(Recorded data)
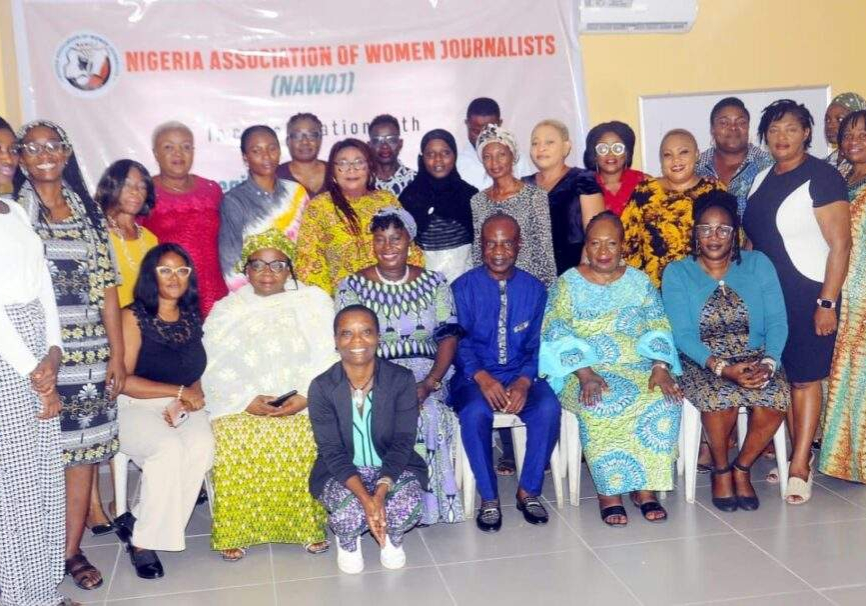 108457 groups advocate for safety and empowerment of women journalists in nigeria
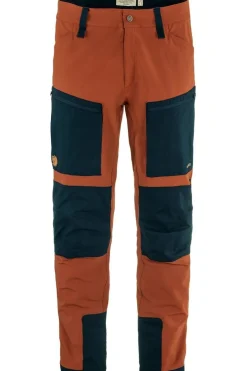 Broek Keb Agile Trousers Short-Fjällräven Best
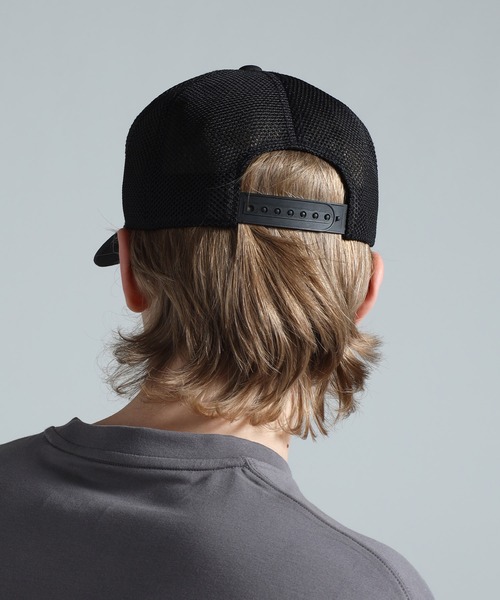 Y-3(ワイスリー)の「Y-3 MERCEDES-AMG PETRONAS FORMULA 1 TEAM TRUCKER CAP(キャップ・メンズ・ブラック・SMALL/MEDIUM/LARGE)」の2枚目の写真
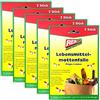 HAC24 5 X 2 alimentare Falena pheromon Fallen alimentare Falena trappola Farina Falena trappola
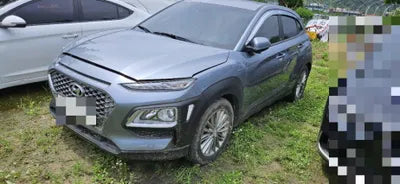 2020 Hyundai Kona VIN:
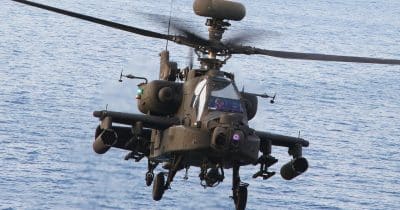 Iran Accused of Downing US Army Apache Near Oman, US Strikes Back
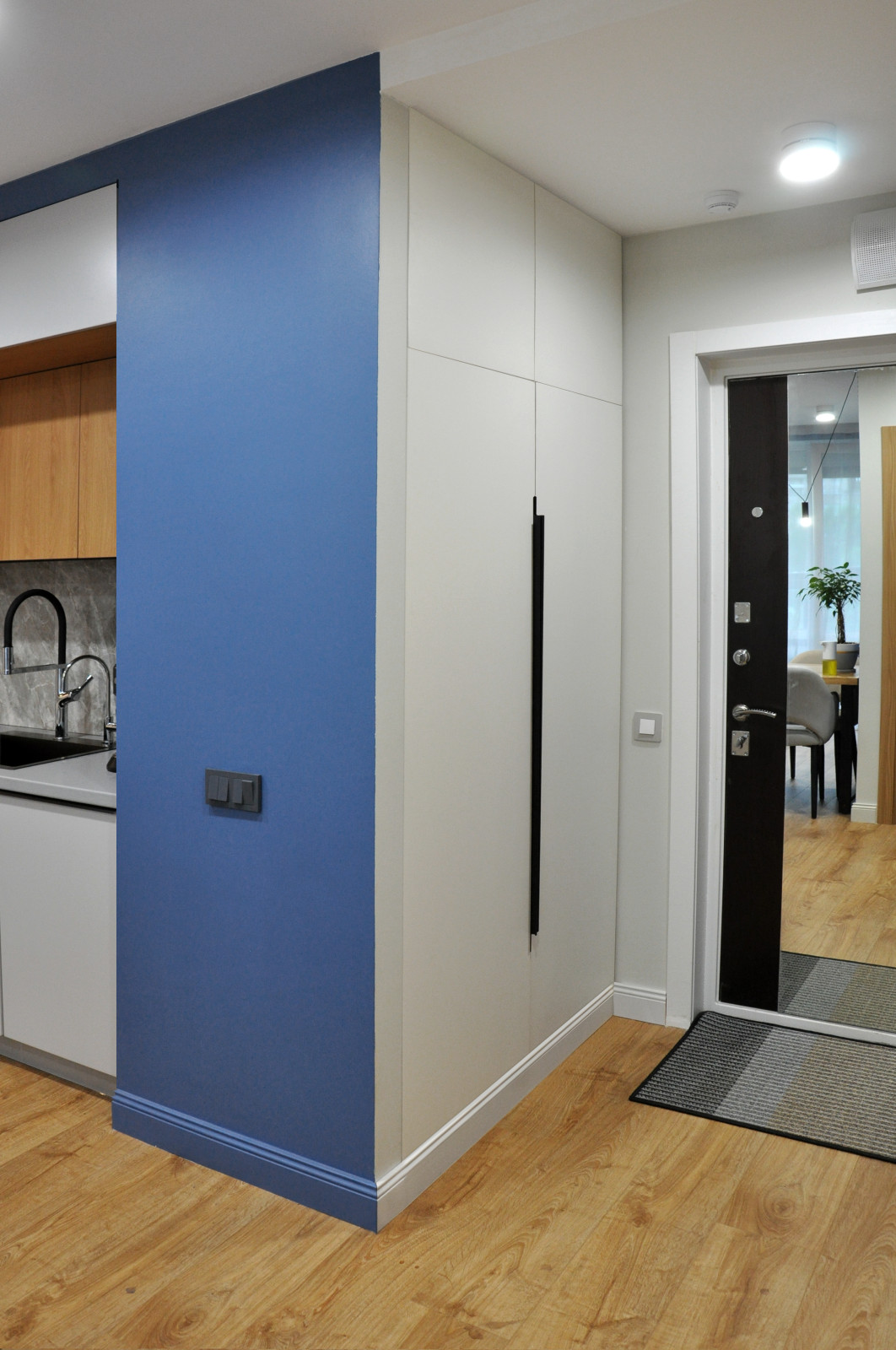 Реализация 1к. квартиры в ЖК Дальневосточный 15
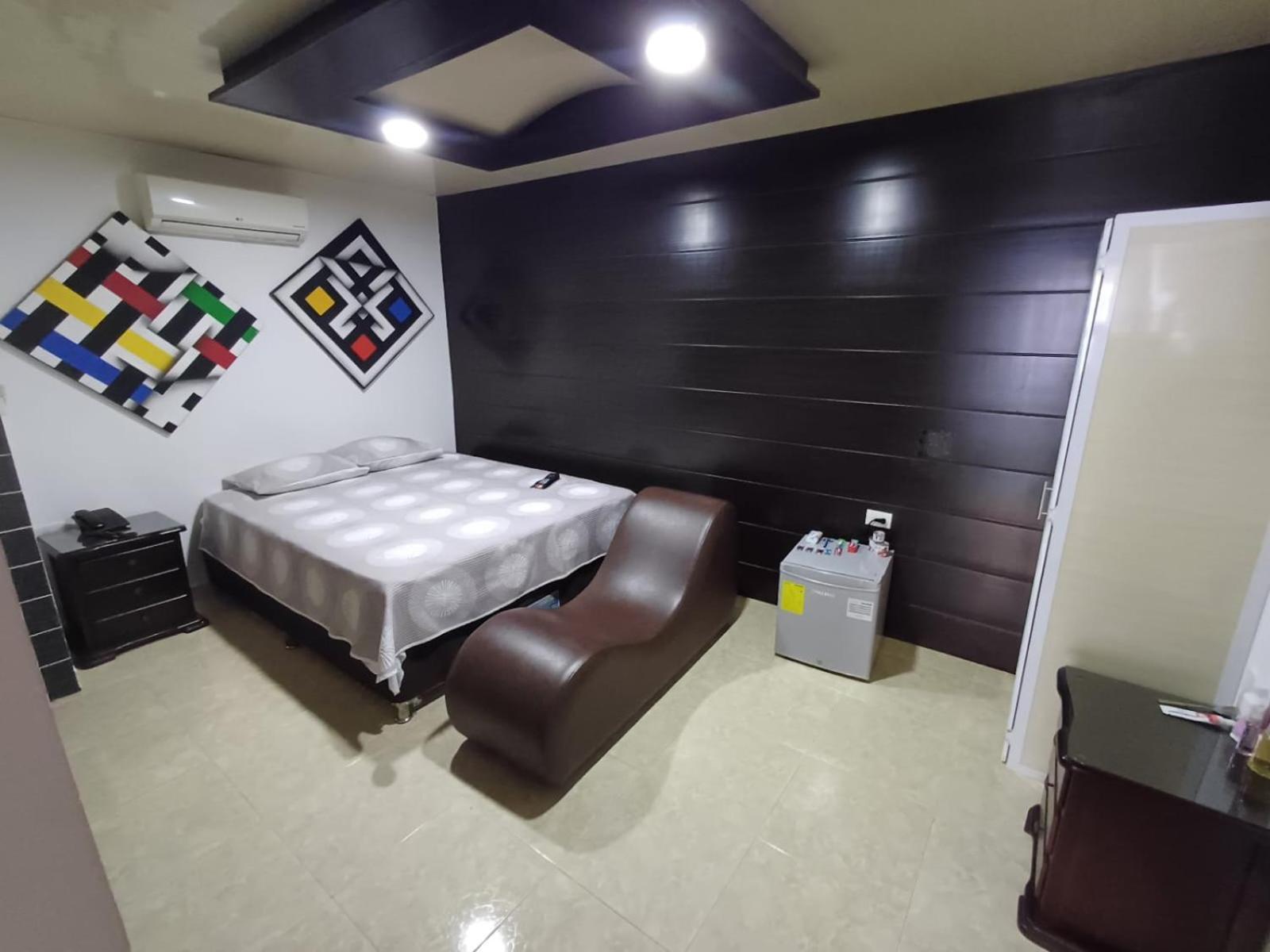Hotel Dulces Suenos Buenaventura Dış mekan fotoğraf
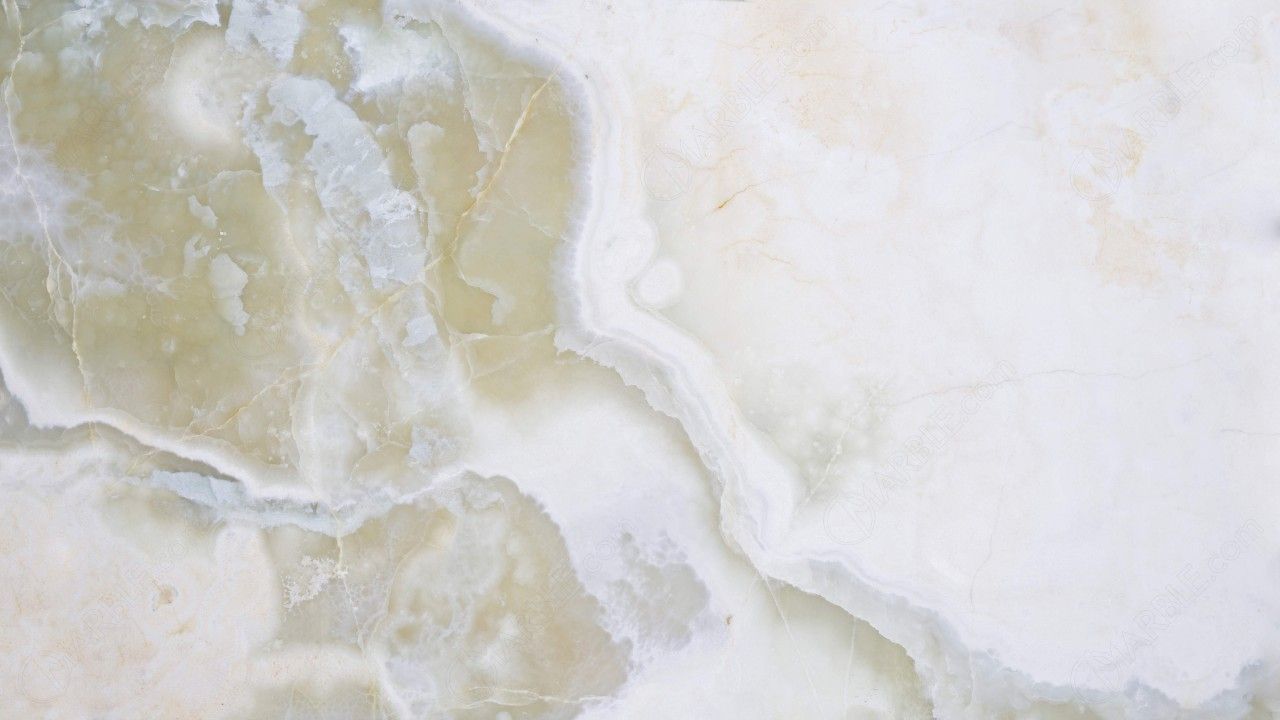 Đá Light Pistachio — ảnh bề mặt
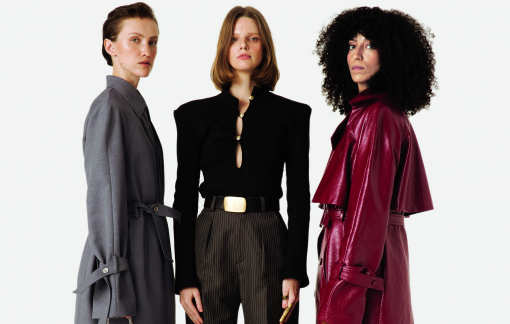 Những phụ nữ thành thị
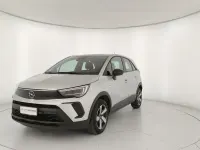 Usata Opel Crossland Edition 110 CV (80 kW) 2024 Grigio SUV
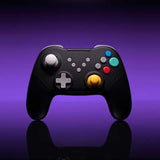 Retro Fighters Duelist Smash Wireless Controller for Nintendo Switch - Purple — RF1002-PR supplier gallery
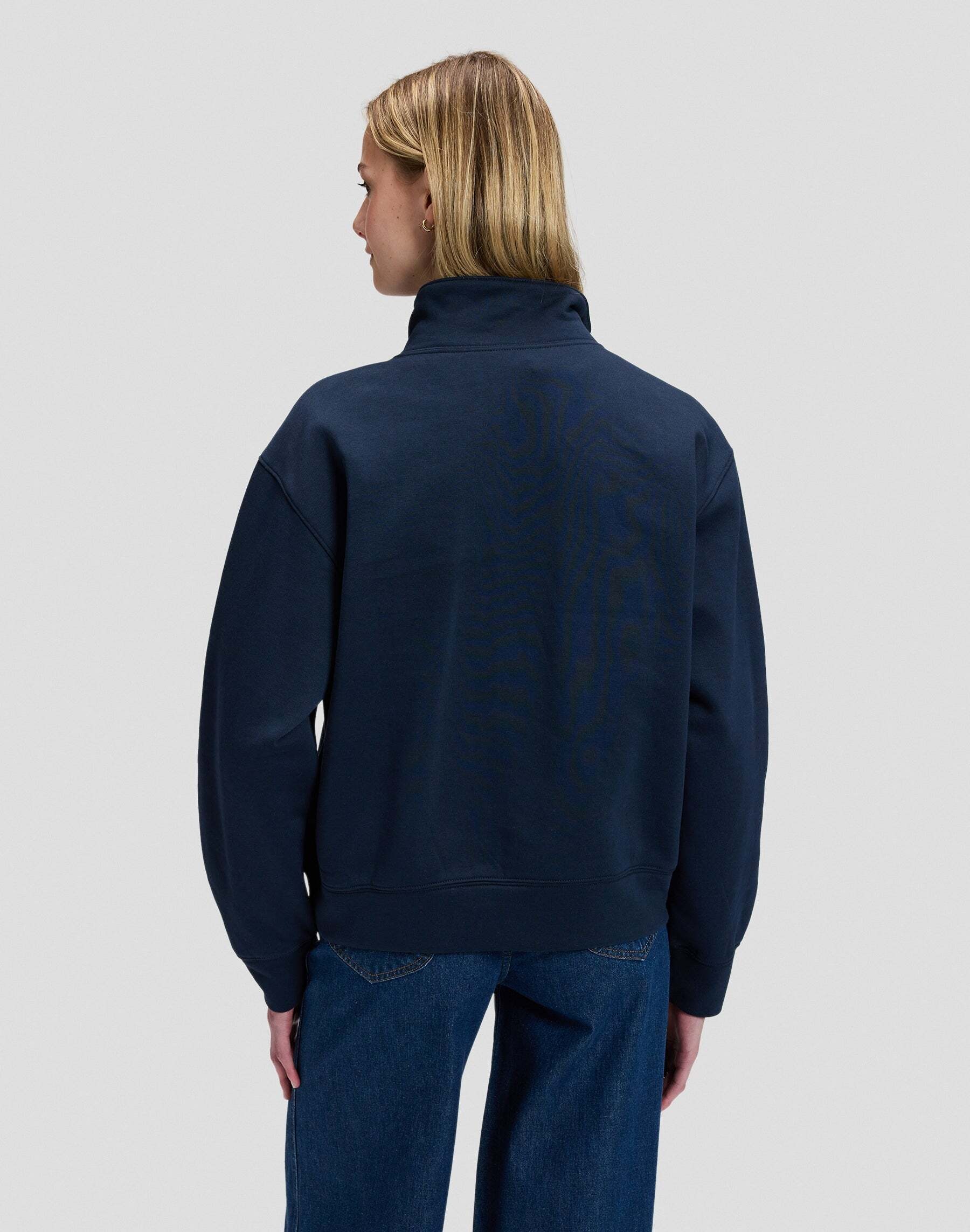 Lee® Sweatshirt »Lee Sweatshirt Popover«
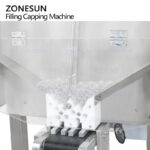 Roller Ball Botttle Filling Machine Z2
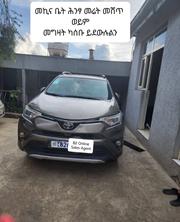 Toyota RAV4 2017 Brown for sale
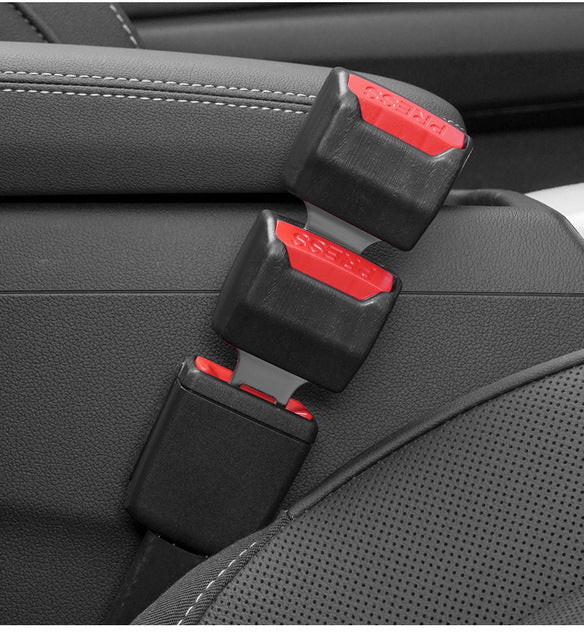 Safety Belt Extension Adapter for Vehicle Seats – 2-Pack | Thomler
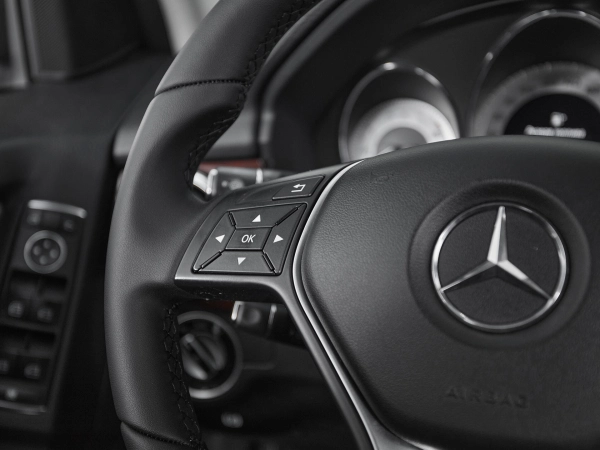 Mercedes-Benz GLK-Класс, I (X204) Рестайлинг фото №11
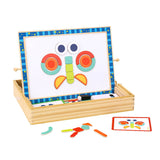Tooky Toy - Magnetic Puzzle - Shapes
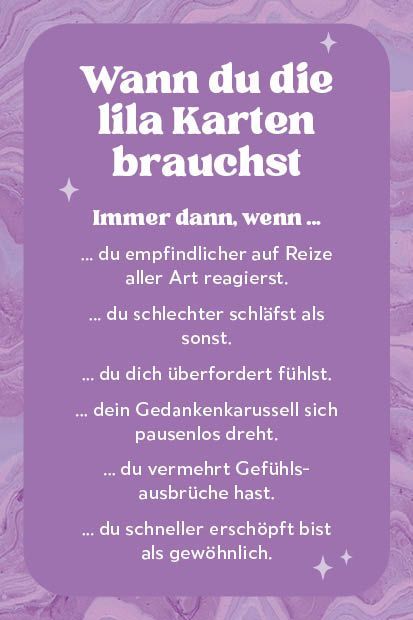 Produktbild: Kartenbox: Dein ADHS-Wohlf&uuml;hl-Guide to go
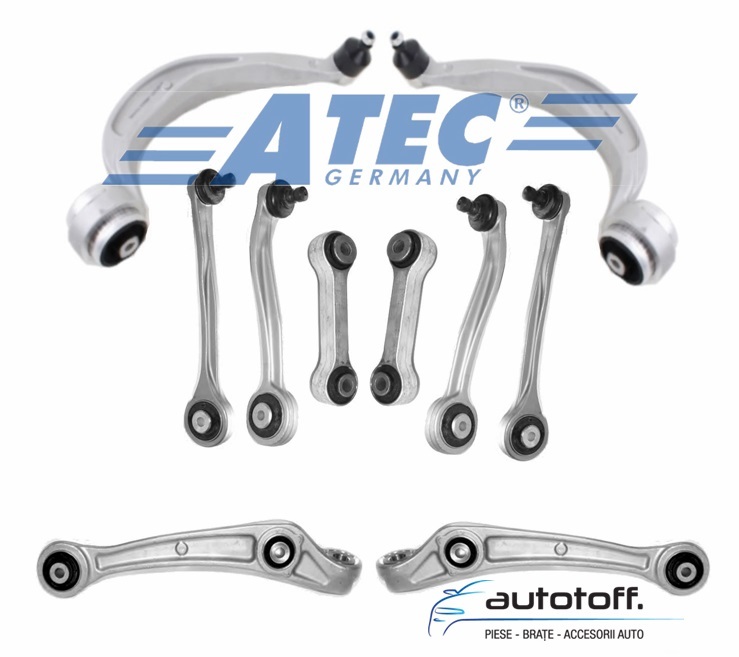 Kit Brate AUDI A5 - 10 piese noi import GERMANIA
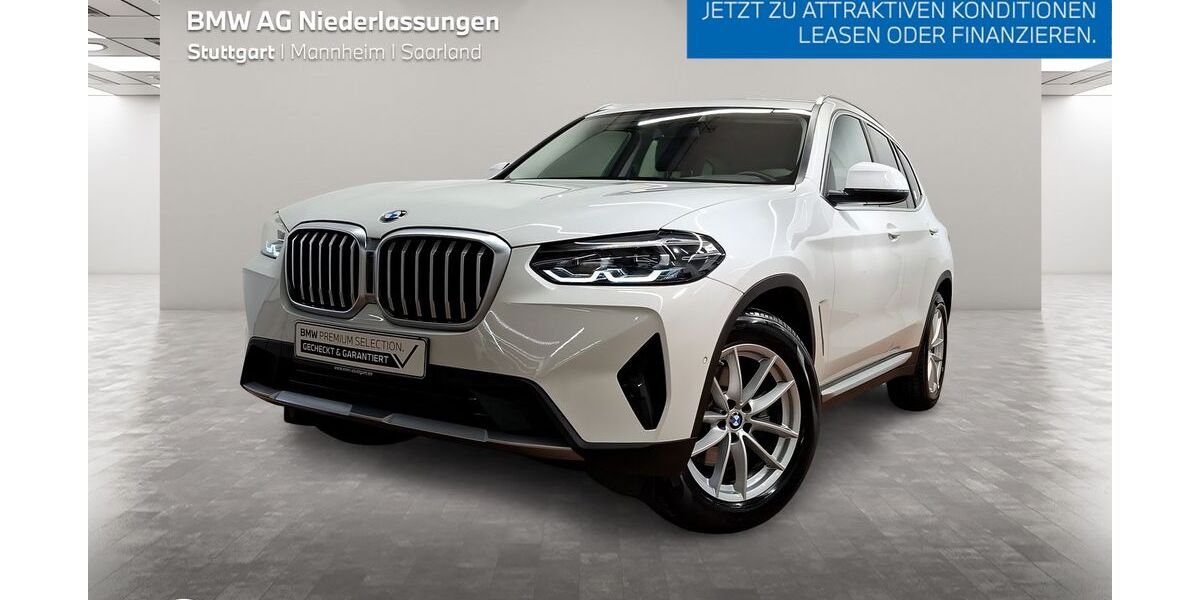 BMW X3 55.291 km 38.980 &euro; Stuttgart 70569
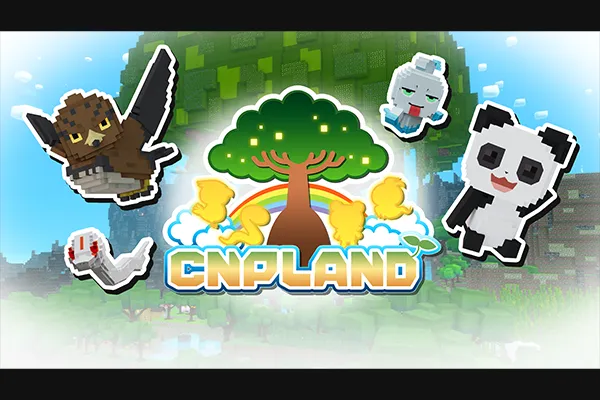 [CNP Landのゲームの画像]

EXERCISE AIM →
Exact copy, pictures excluded: from the line with "Safety Belt Extension" up to and including the line with "Produktbild: Kartenbox: Dein" in the data above.

TASK RESULT →
 Safety Belt Extension Adapter for Vehicle Seats – 2-Pack | Thomler
 Mercedes-Benz GLK-Класс, I (X204) Рестайлинг фото №11
Tooky Toy - Magnetic Puzzle - Shapes
 Produktbild: Kartenbox: Dein ADHS-Wohlf&uuml;hl-Guide to go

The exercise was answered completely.